Das Gutachten liege noch nicht vor, aber am Telefon habe sich Ralf Wiegand vom Büro Piewak geäußert: "Die Untersuchung des Grundwassers hat definitiv keine Belastung ergeben", berichtet die Sprecherin des Neustädter Landrats, Claudia Prößl.
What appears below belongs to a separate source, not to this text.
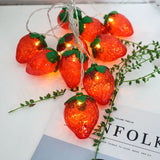 1.5M 10Led Strawberry Fruit Light Strings Happy Birthday Party Lantern String Children's Room Decorative Night Lamp Kids Favors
Schwarz auf Weiß gibt es dagegen eine Antwort der Bundesregierung auf eine "Kleine Anfrage" zum Flugzeugabsturz.Unter anderem geht aus der Antwort hervor, dass bereits 670 000 Euro an Schäden behoben sind. Es handle sich um Waldschäden und Bodenverunreinigungen. "Weiter sind durch den Absturz entstandene Einsatz- und Lohnkosten sowie Verpflegungs- und Materialkosten zu regulieren", heißt es in der Antwort. Der Betrag "ist nicht abschließend, da Schäden teilweise noch nicht beziffert worden sind". Zum Verfahren verweist die Regierung auf Artikel VIII Absatz 5 des Nato-Truppenstatuts. Dieser sieht vor, dass die Bundesrepublik den Schaden nach deutschem Recht begleicht und anschließend von den USA "die völkerrechtlich geschuldete Erstattung erhält".

Auf die Frage nach Konsequenzen aus dem Flugzeugabsturz verweist die Regierung auf laufende Untersuchungen und nennt doch eine: "Bei den freiwilligen Rettungskräften wurden Kenntnisdefizite zu den Besonderheiten bei einem Flugunfall mit militärischen Luftfahrzeugen festgestellt. Hierzu wurden bereits Schulungsmaßnahmen zur Erhöhung der Handlungssicherheit von freiwilligen Rettungskräften veranlasst."

Mit dieser Feststellung kann Neustadts Kreisbrandrat Richard Meier nichts anfangen. Dass es Probleme bei dem Einsatz gab, sei richtig, aber nicht, weil seinen Feuerwehrleuten Kenntnisse gefehlt hätten. Fehlende Infos waren das Problem. "Wir erhielten keine genau Auskunft, welche Stoffe und Waffen im Spiel waren."